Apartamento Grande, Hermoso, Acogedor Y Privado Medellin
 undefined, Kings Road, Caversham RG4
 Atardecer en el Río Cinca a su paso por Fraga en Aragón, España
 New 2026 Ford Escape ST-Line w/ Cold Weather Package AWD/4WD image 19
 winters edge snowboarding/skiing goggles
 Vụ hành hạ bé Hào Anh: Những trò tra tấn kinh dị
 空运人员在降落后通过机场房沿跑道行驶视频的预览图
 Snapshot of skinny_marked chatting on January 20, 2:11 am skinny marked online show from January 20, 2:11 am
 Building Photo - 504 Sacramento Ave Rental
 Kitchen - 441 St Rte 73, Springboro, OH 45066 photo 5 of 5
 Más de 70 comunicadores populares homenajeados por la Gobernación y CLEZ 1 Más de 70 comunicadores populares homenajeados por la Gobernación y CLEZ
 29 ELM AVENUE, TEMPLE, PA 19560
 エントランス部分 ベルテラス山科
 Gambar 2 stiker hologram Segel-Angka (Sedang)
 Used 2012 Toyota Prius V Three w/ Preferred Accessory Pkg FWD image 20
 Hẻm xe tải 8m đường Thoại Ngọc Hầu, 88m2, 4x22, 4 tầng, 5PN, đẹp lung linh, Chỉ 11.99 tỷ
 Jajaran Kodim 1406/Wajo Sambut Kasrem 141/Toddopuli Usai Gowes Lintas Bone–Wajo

______________________________

--- EXERCISE ---
Reproduce each line of the material that mentions "image".

--- TASK RESPONSE ---
 New 2026 Ford Escape ST-Line w/ Cold Weather Package AWD/4WD image 19
 Used 2012 Toyota Prius V Three w/ Preferred Accessory Pkg FWD image 20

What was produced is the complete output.